[Records from a data collection]
:::::
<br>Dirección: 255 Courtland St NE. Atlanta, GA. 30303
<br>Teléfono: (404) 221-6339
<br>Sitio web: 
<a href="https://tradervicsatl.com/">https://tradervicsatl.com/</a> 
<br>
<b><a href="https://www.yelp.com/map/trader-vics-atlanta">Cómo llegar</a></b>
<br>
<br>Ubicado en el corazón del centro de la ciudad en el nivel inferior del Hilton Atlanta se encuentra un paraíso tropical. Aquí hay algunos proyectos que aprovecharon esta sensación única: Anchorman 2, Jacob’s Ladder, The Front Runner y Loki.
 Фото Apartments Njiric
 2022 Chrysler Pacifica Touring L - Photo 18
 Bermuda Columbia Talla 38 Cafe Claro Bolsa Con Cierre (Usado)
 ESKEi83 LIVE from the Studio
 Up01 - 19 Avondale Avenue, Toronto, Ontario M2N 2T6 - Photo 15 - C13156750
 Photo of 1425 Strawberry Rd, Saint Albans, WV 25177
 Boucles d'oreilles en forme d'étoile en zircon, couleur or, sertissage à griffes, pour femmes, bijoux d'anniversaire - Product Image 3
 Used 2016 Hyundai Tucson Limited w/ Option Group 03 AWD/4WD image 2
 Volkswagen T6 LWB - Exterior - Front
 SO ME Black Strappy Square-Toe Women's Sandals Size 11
:::::
Restate every entry exactly. Leave nothing out.

<br>Dirección: 255 Courtland St NE. Atlanta, GA. 30303
<br>Teléfono: (404) 221-6339
<br>Sitio web: 
<a href="https://tradervicsatl.com/">https://tradervicsatl.com/</a> 
<br>
<b><a href="https://www.yelp.com/map/trader-vics-atlanta">Cómo llegar</a></b>
<br>
<br>Ubicado en el corazón del centro de la ciudad en el nivel inferior del Hilton Atlanta se encuentra un paraíso tropical. Aquí hay algunos proyectos que aprovecharon esta sensación única: Anchorman 2, Jacob’s Ladder, The Front Runner y Loki.
 Фото Apartments Njiric
 2022 Chrysler Pacifica Touring L - Photo 18
 Bermuda Columbia Talla 38 Cafe Claro Bolsa Con Cierre (Usado)
 ESKEi83 LIVE from the Studio
 Up01 - 19 Avondale Avenue, Toronto, Ontario M2N 2T6 - Photo 15 - C13156750
 Photo of 1425 Strawberry Rd, Saint Albans, WV 25177
 Boucles d'oreilles en forme d'étoile en zircon, couleur or, sertissage à griffes, pour femmes, bijoux d'anniversaire - Product Image 3
 Used 2016 Hyundai Tucson Limited w/ Option Group 03 AWD/4WD image 2
 Volkswagen T6 LWB - Exterior - Front
 SO ME Black Strappy Square-Toe Women's Sandals Size 11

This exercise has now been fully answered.